能登半島地震教訓に地震の長期評価を前倒し公表へ 政府の地震本部、防災対策への活用期待
政府の地震調査研究推進本部(地震本部)が全国で進めている活断層型地震の長期評価の作業を急ぎ、予定より早めて公表することを決めた。大震災になった能登半島地震を受けた措置で、これまでより簡易的な方法による評価結果でも、2024年度から順次、地域のリスクとして公表する。同本部の関係者は地元の地震被害想定策定や防災計画・対策に役立ててもらいたいとしている。 地震を引き起こしたとされる能登半島沖の活断層はその存在が指摘されていた。しかし、詳しい地震の規模や発生確率などの評価が遅れていたため、この評価を待っていた石川県の地震被害想定も更新されていなかった。地震本部はこうした経緯を重視し、今回の甚大被害を教訓に防災対策強化の観点から評価方法を改める判断をしたという。
間に合わなかった地震被害想定の更新
1月1日に石川県能登半島地方の深さ15キロを震源とするマグニチュード(M)7.6、最大震度7を観測する大地震が発生。石川県によると、29日現在で死者は241人、けがをした人は約1200人、住宅被害7万5000棟以上もの被害を出した。震度4以上の余震は65回を数え、依然1万1500人近くが避難所暮らしをしている。断水が続いている被災住宅も1万8000戸を超えている。連日懸命の復旧作業が続いているものの、地震発生から2カ月を迎える被災地の状況は依然厳しい。 石川県は能登半島地震が想定されるとして、地域防災計画を策定していた。津波対策を重視し、最大規模の津波を起こす地震の震源として能登半島北方沖の海底活断層を想定。2011年の東日本大震災の後、津波被害想定を見直し、この海底活断層による地震を警戒していた。

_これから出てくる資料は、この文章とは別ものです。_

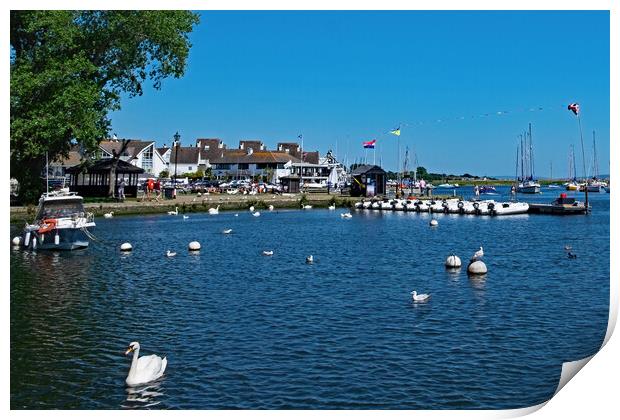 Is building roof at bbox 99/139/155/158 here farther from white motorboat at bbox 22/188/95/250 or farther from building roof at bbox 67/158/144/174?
white motorboat at bbox 22/188/95/250

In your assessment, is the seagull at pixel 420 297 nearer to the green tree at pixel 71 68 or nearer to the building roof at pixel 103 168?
the green tree at pixel 71 68

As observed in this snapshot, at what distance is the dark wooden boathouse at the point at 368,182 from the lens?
9894cm

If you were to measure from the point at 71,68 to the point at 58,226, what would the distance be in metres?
16.6

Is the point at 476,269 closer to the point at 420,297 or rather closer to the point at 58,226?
the point at 420,297

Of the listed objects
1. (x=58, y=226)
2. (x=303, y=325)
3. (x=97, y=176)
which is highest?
(x=97, y=176)

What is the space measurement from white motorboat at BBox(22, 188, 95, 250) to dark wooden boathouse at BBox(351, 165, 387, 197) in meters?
59.9

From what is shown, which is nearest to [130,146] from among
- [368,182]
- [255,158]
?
[255,158]

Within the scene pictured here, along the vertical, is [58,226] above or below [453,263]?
above

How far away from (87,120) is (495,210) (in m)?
44.9

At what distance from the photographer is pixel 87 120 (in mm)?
53969

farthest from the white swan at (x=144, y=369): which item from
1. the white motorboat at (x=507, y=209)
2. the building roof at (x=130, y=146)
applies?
the building roof at (x=130, y=146)

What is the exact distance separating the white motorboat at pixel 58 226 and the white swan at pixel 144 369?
1011 inches

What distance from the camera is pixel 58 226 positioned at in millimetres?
40812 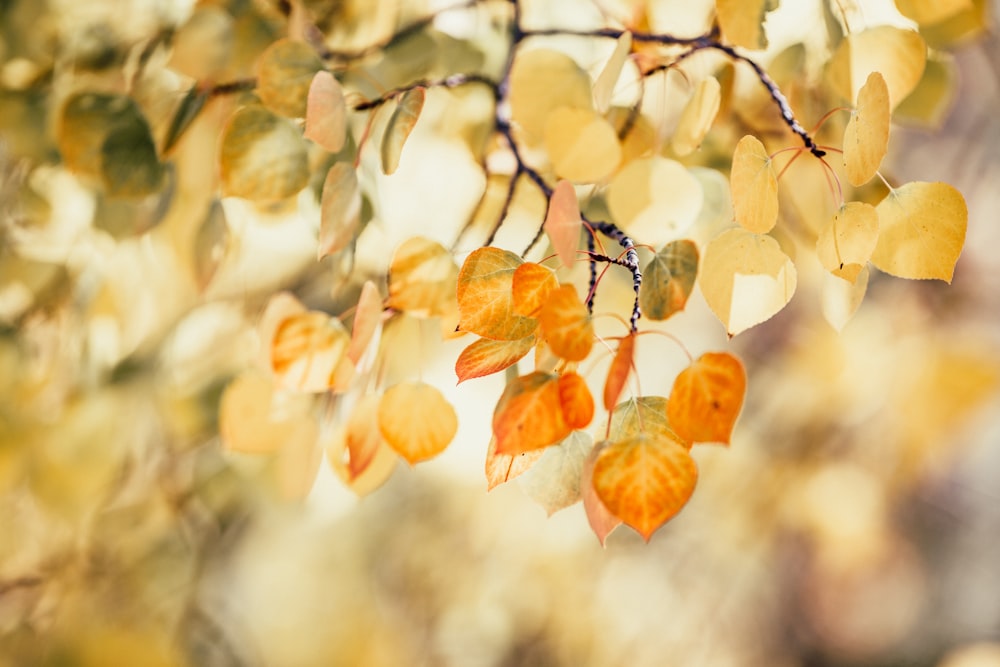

しかし、「セット」であるはずの地震想定は、1997年にまとめた能登半島北方沖の別の活断層を想定したままで改定していなかった。この想定では甚大被害は予測されず、死者7人、避難者2781人、建物被害はわずか120棟とされていた。これらの数字は今回の大地震の被害規模と比べ、各段に少ない。地震被害想定の改定が遅れていたために結果として広範な分野にまたがる地域防災計画に反映されなかったことになる。 石川県の馳浩知事は地震後の記者会見で「地震被害想定見直しには国の(長期評価の)調査が必要で、調査を待っていた。今後の早期の調査を国に求める」などと述べている。